Task prompt: Would you print out all of the data exactly and keep the pictures out of it?

Data section:
- - - -

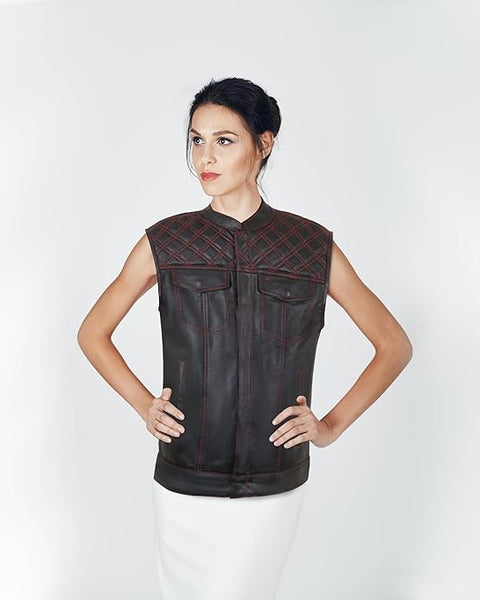 Women Leather Motorcycle Biker Vest Genuine Style Classic Vest- FREE SHIIPING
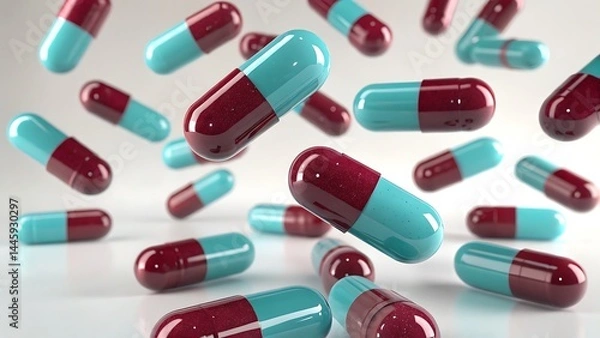 Obraz Red and blue medical capsules scattered on a white background high resolution photo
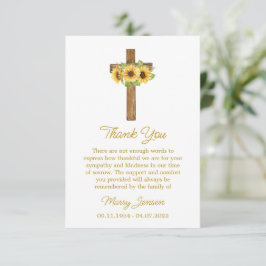 Sunflower Cross Sympathy Thank You Card サンキューカード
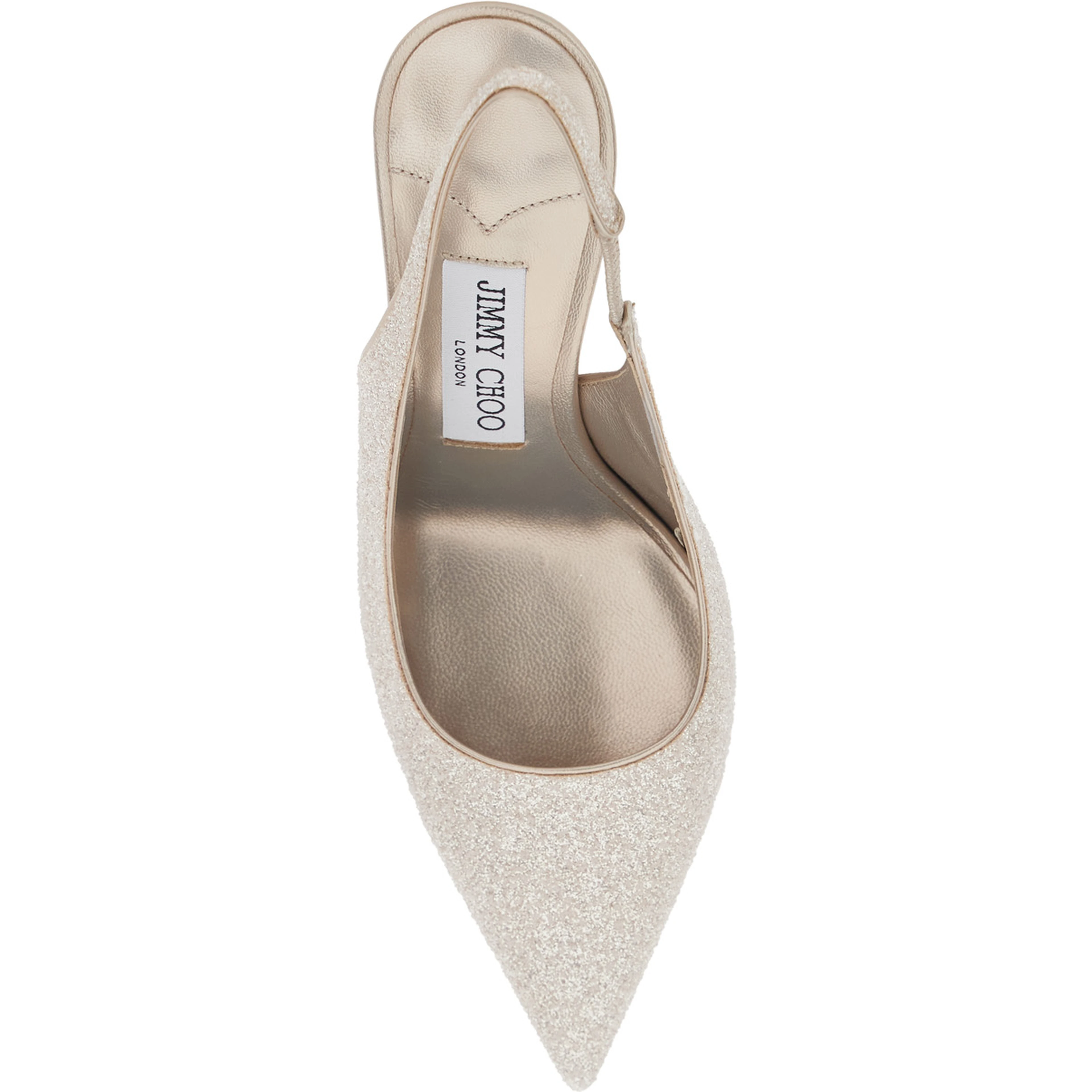 LOVE  metallic Pumps slingback with back strap and almond toe in fabric women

- - - -

Problem solution:
 Women Leather Motorcycle Biker Vest Genuine Style Classic Vest- FREE SHIIPING
 Obraz Red and blue medical capsules scattered on a white background high resolution photo
 Sunflower Cross Sympathy Thank You Card サンキューカード
 LOVE  metallic Pumps slingback with back strap and almond toe in fabric women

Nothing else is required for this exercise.